From the line that contains "Shopify SEO Experts agency" down to the last line of the entries, repeat every line exactly. Do not carry over the pictures.

Start of Block

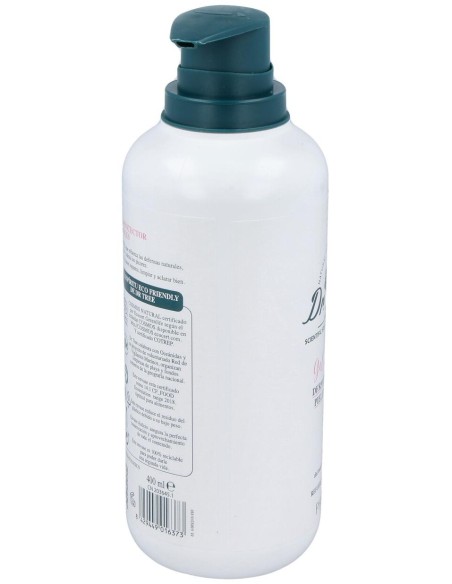 Dr Tree Gel Íntimo Dermoprotector Hipoalergénico Sensible 400Ml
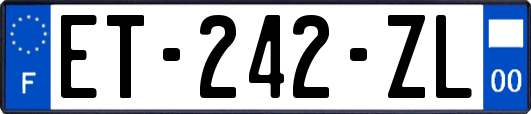 ET-242-ZL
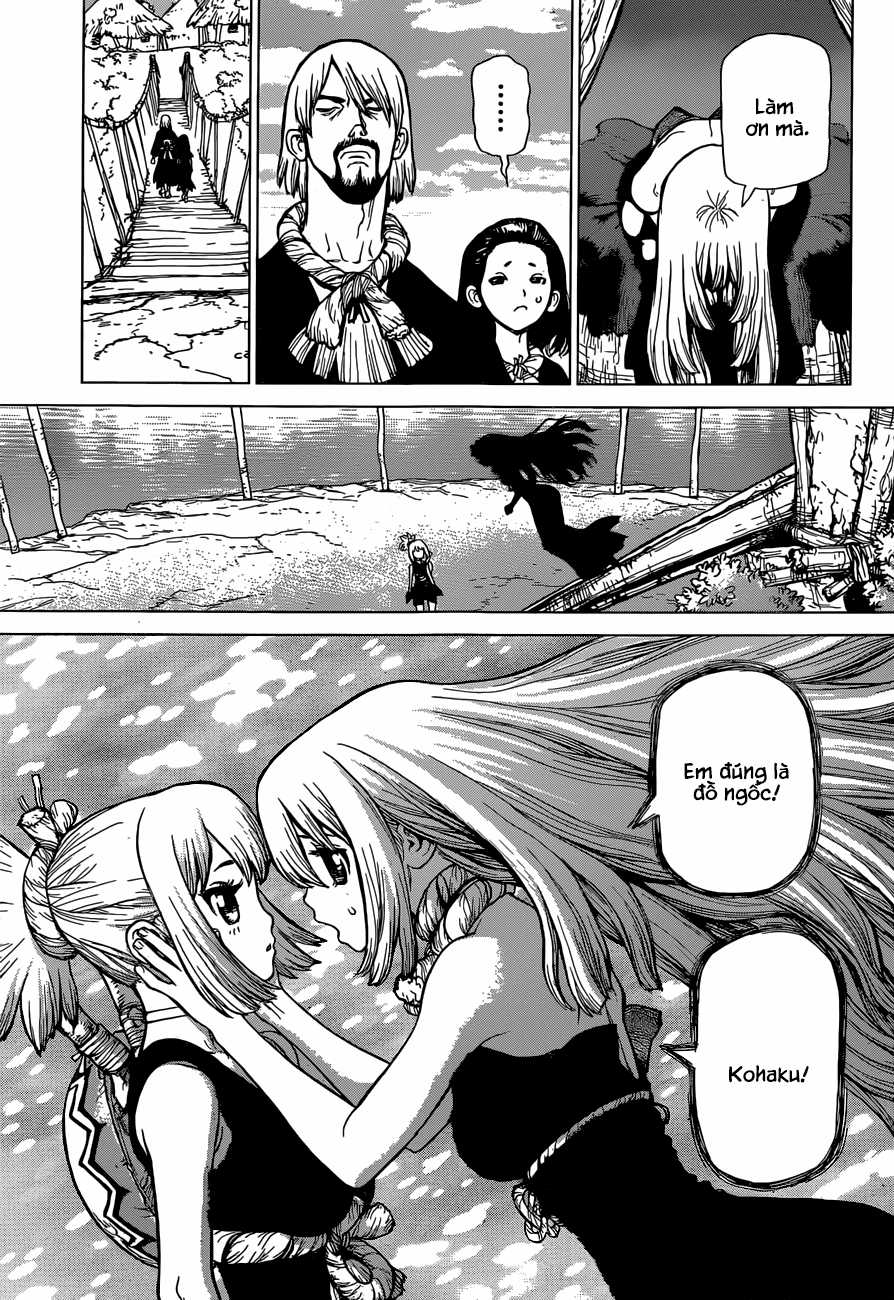 Dr.stone - Chapter 19 - Trang 11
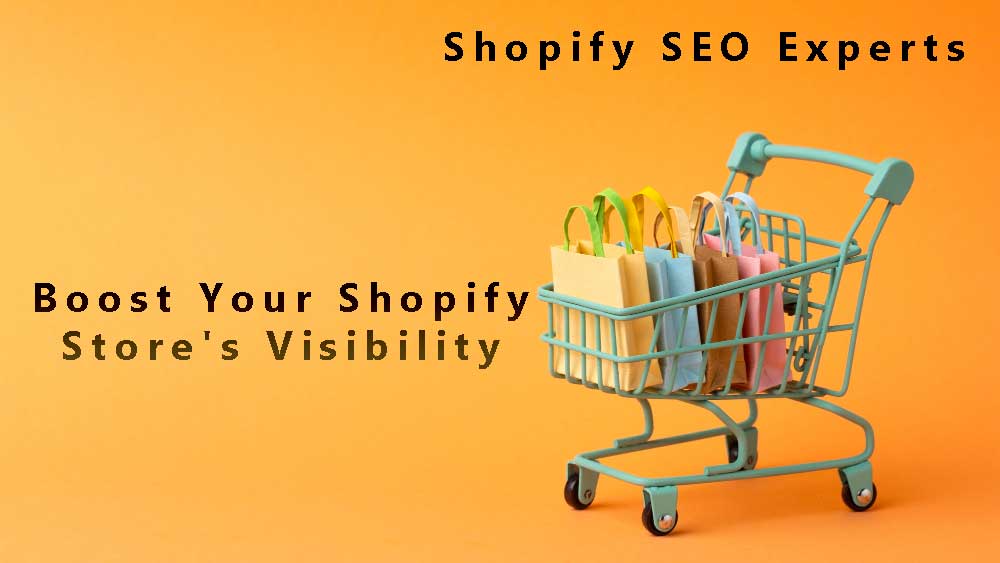 Shopify SEO Experts agency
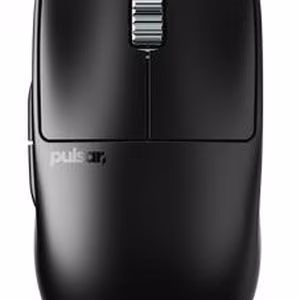 Pulsar X2 V3 belaidė optinė pelė ES dydis 1 juoda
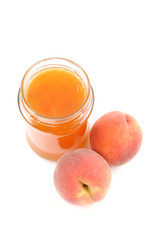 peach jam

End of Block

**RESULT OF THIS EXERCISE:**
 Shopify SEO Experts agency
 Pulsar X2 V3 belaidė optinė pelė ES dydis 1 juoda
 peach jam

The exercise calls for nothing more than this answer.